I thank the witnesses. I also thank Dr. Glynn for the attention he has given to Kildare. We have had a few conference calls in the past few weeks.

Of course, Professor Philip Nolan is well known to me as president of the local university.

I represent Kildare, which is in its third lockdown, given the initial lockdown, the localised lockdown and now the second localised lockdown. That has had a devastating effect on the local economy but also on the public at large. Confidence and morale is at a significant low at the moment as people try to grapple with the effects of this, and it is psychological as well as economic. People are prepared to get on with it and to do with the right thing once they can understand it, buy into it and support it.

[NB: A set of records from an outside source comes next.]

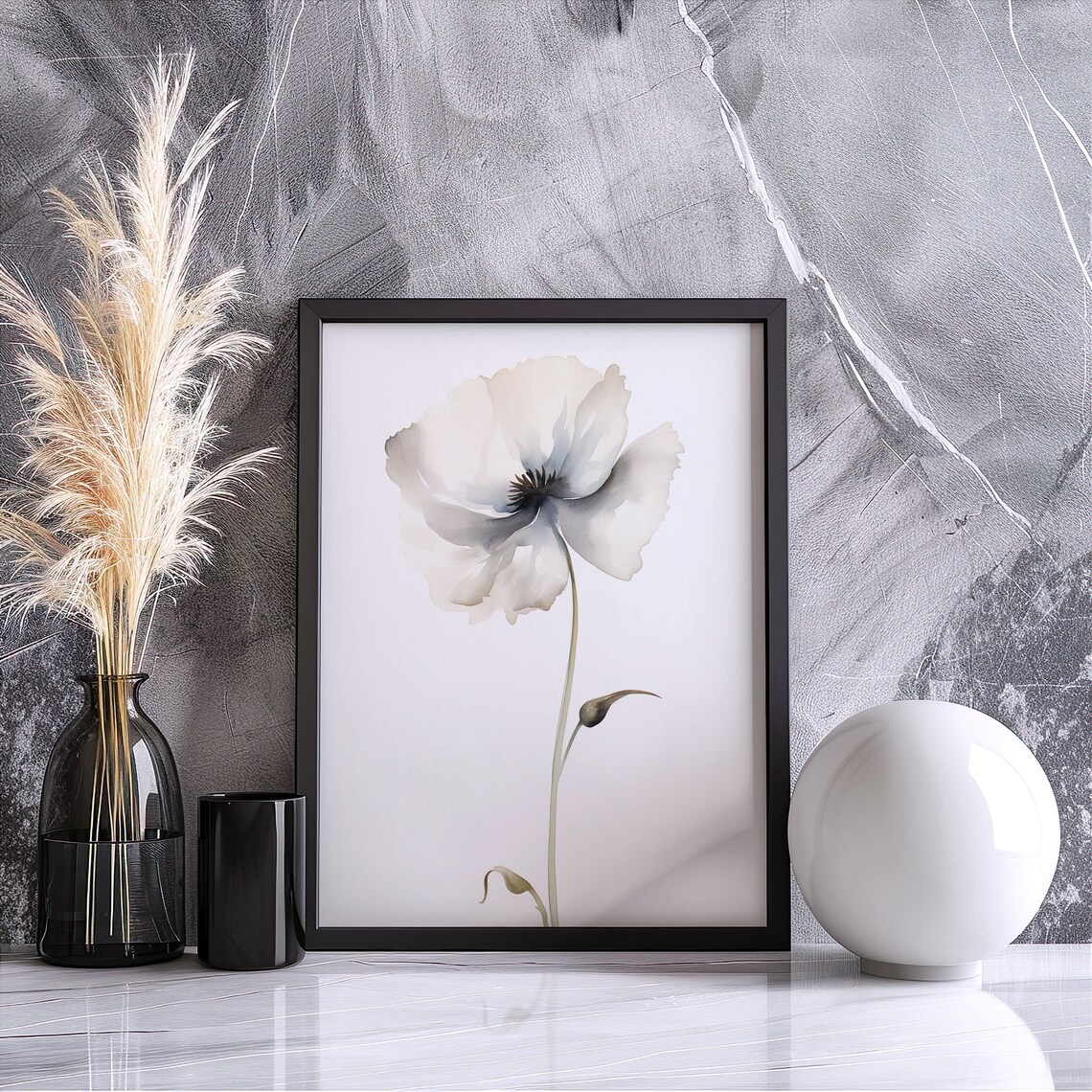 White Poppy Flower Minimalist Watercolor Elegant Botanical Poster - Image 5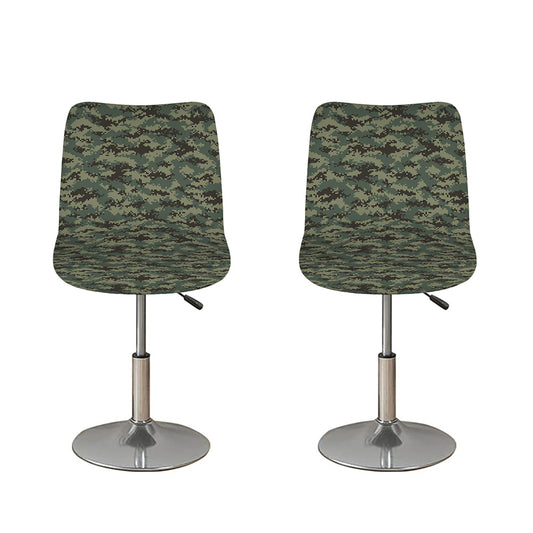 Forest Green Digital Camo Pattern Print Bar Stool Covers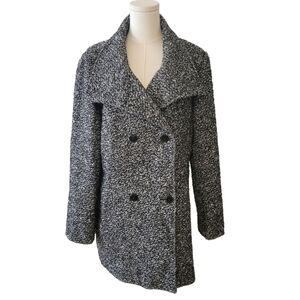 Calvin Klein Black & Cream Boucle Wool Coat Size XL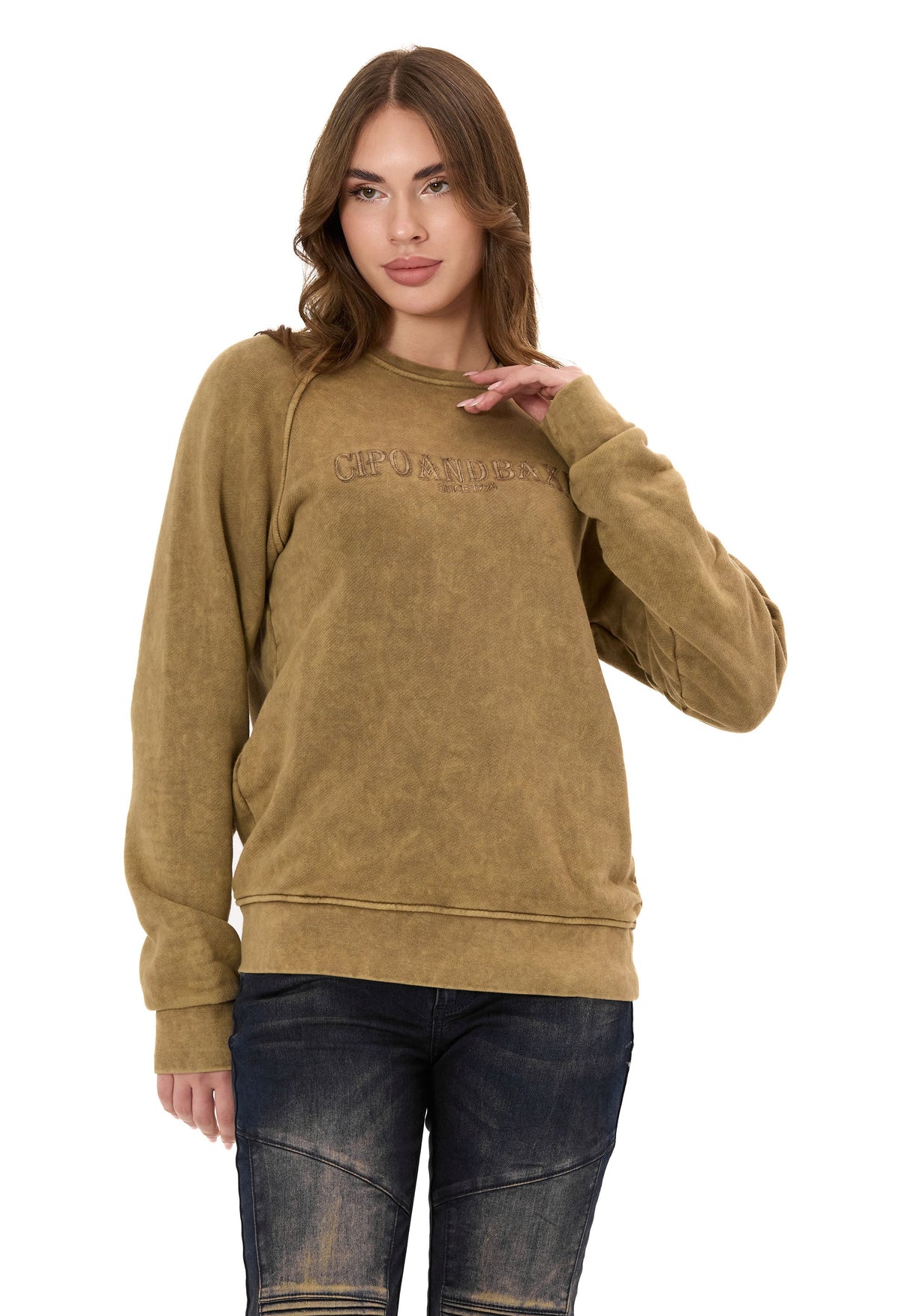 Kadın Sweatshirt Modern Tasarımlı Uzun Kollu Günlük Sweatshirt WL381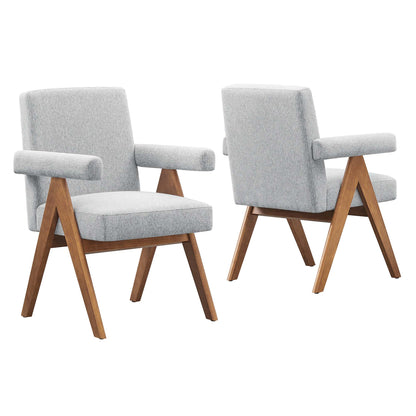 Modway Outlet Lyra Fabric Dining Room Chair Set of 2 by Modway  Bar and Dining Furniture Light Gray Fabric - EEI-6507-HLG
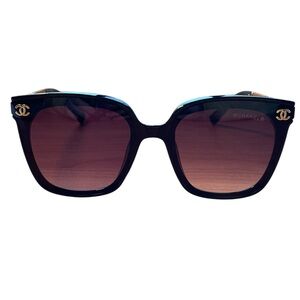 Chanel Black Oversized Sunglasses with Gradient Lenses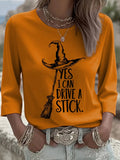 🔥HOT SALE🔥Women's Yes I Can Drive A Stick Printed Round Neck T-Shirt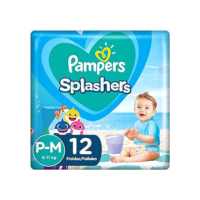 Fraldas Descartáveis Para Água Pampers Splashers Baby Shark P-M 12 fraldas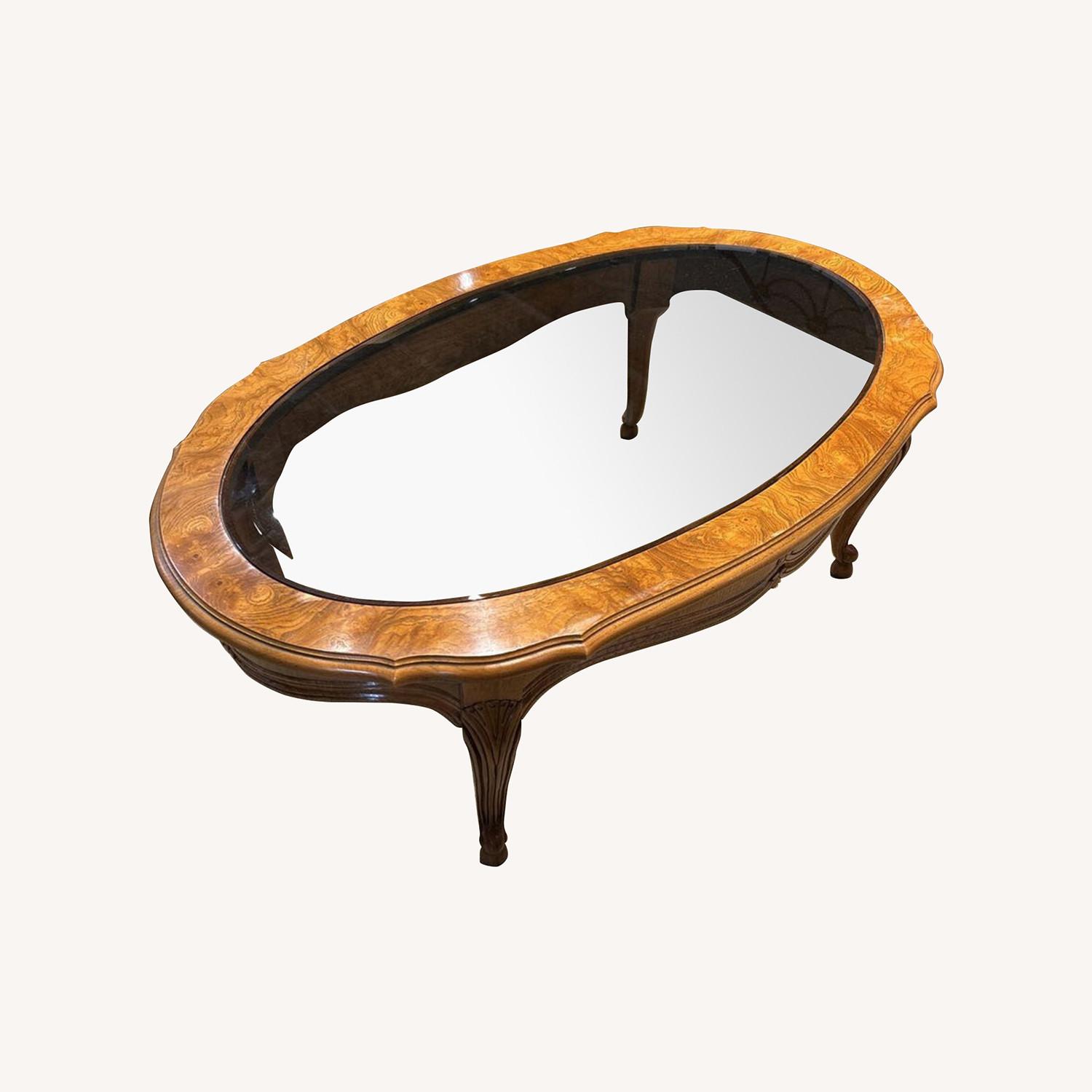 Thomasville Oval Glass Top Coffee Table - image-0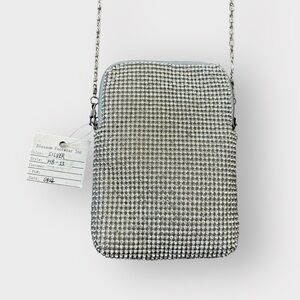 De Blossom Collection Silver Rhinestone Mini Evening Pouch - Chain Crossbody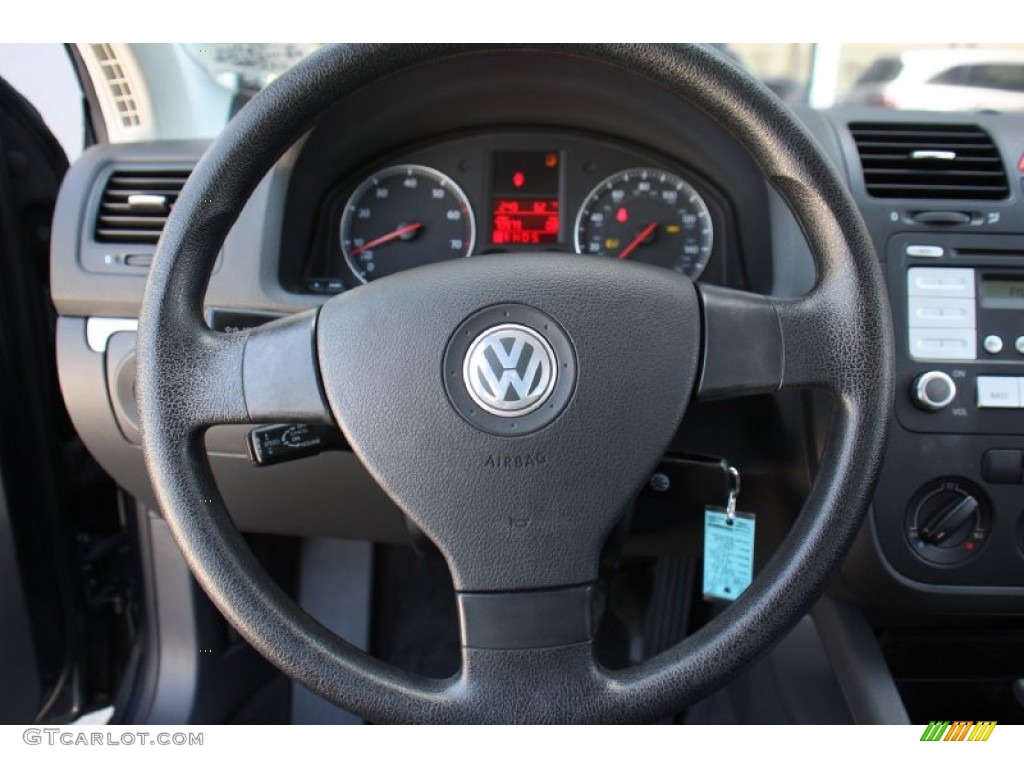 2006 Volkswagen Jetta Value Edition Sedan Anthracite Black Steering Wheel Photo #79748169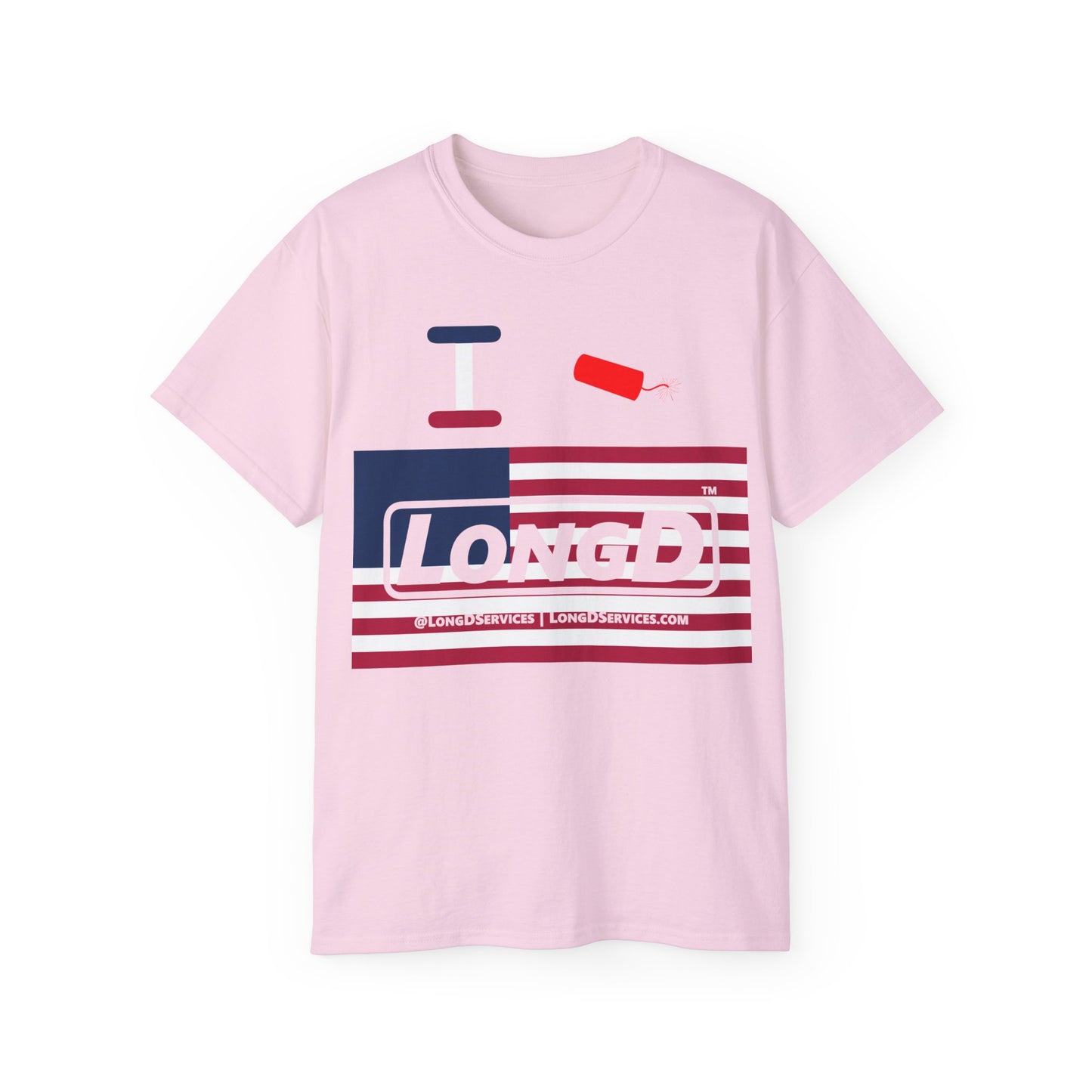 I Firecracker LongD® Logo Cotton Tee Red, White and Blue negative flag text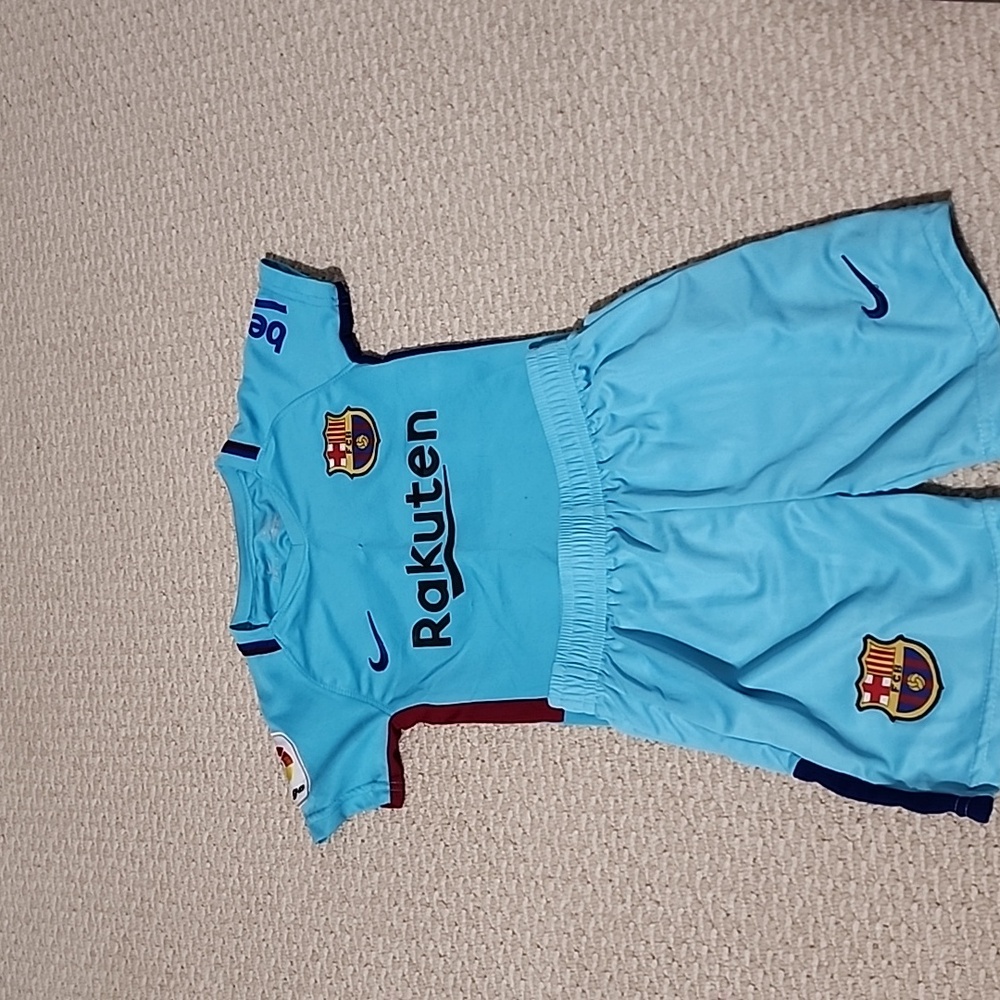 Matching soccer jersey and shorts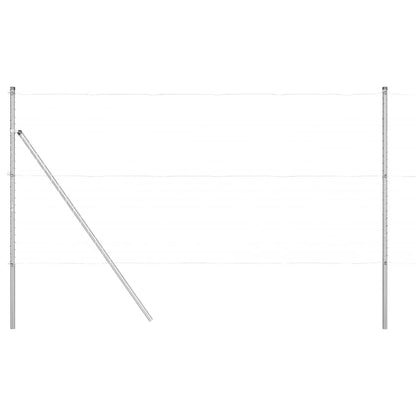 Palo della recinzione 7 pcs Argento Acciaio | homemem39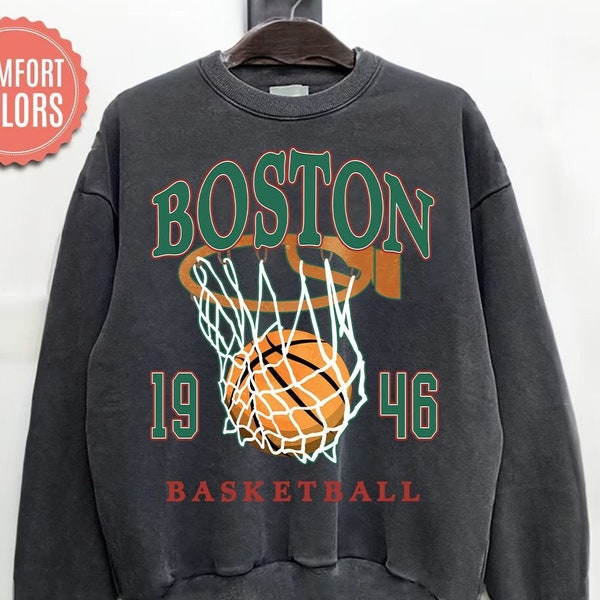 Comfort Colors Boston Basketball Sweatshirt, Boston Basketball Shirt, Vintage Style Boston Basketball shirt, Boston Basketball fan Gift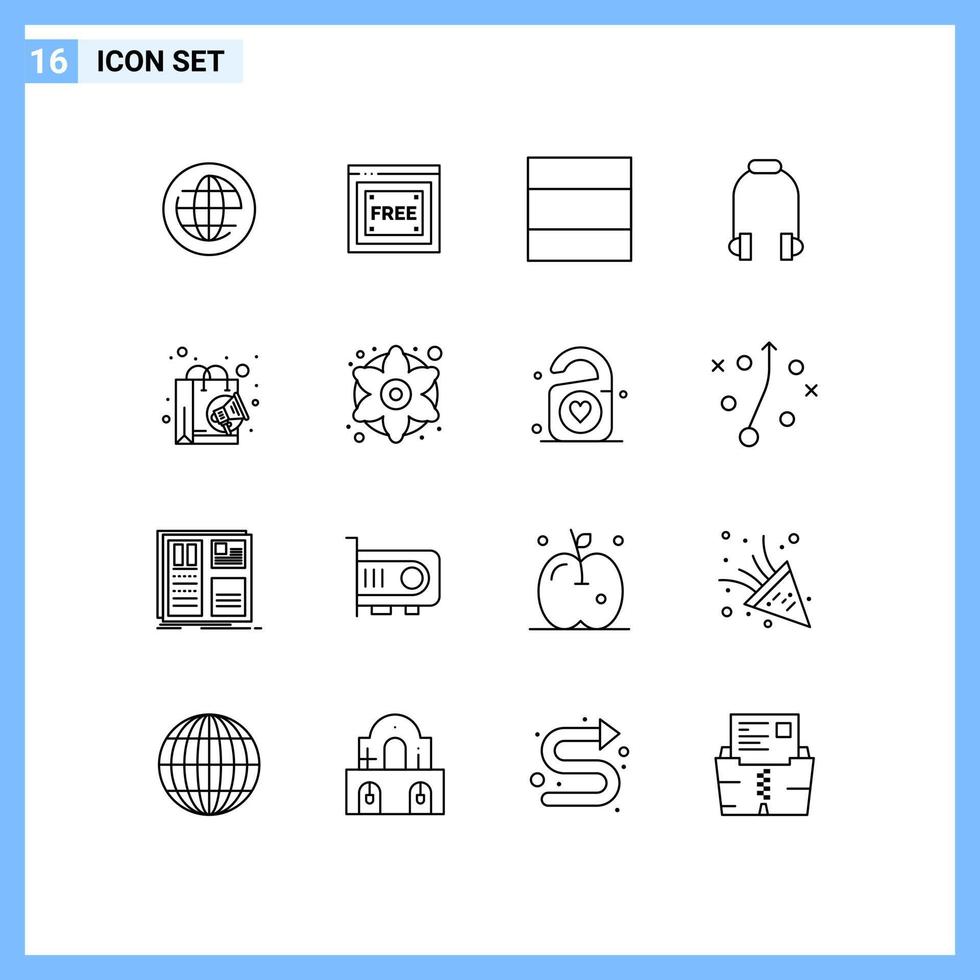 Universal Icon Symbols Group of 16 Modern Outlines of shopping digital grid bag phone Editable Vector Design Elements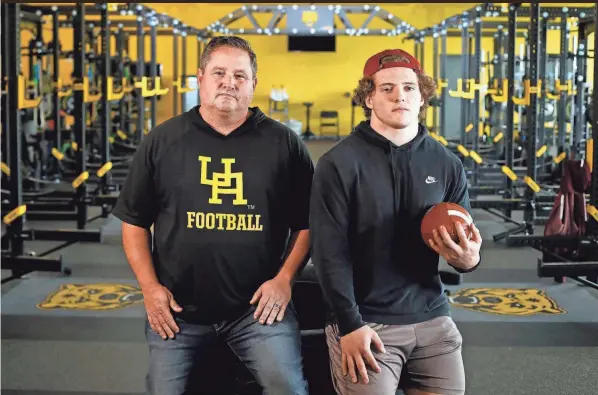  ?? KYLE ROBERTSON/COLUMBUS DISPATCH ?? After leading Upper Arlington to a 14-1 record and a spot in the Division I state semifinal, Justin Buttermore and Carson Gresock are the All-metro coach and offensive player of the year.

I have listened to the testimony of both witnesses and they have both spoken about the importance of the workplaces and the clusters that have emerged in recent weeks. One of the questions that I, as a public representative in the county, have been asked repeatedly and will be asked again this evening when I meet with the Kilcock business association, given Kilcock has had just one case in two months, is why the entire county is in lockdown when it appears to be confined to a few workplaces. I have asked this question of many people, including the acting CMO at a conference call last week, and on many other occasions during the last few weeks. The answer I was given, which I believe because I believe the public health advice, is that the entire county has incidences, there are cases everywhere and it has spread beyond those initial workplaces or clusters. However, we really need to demonstrate that to drive buy-in and get public support and acceptance for the measures. People will follow the logic and follow the evidence for themselves if they have it.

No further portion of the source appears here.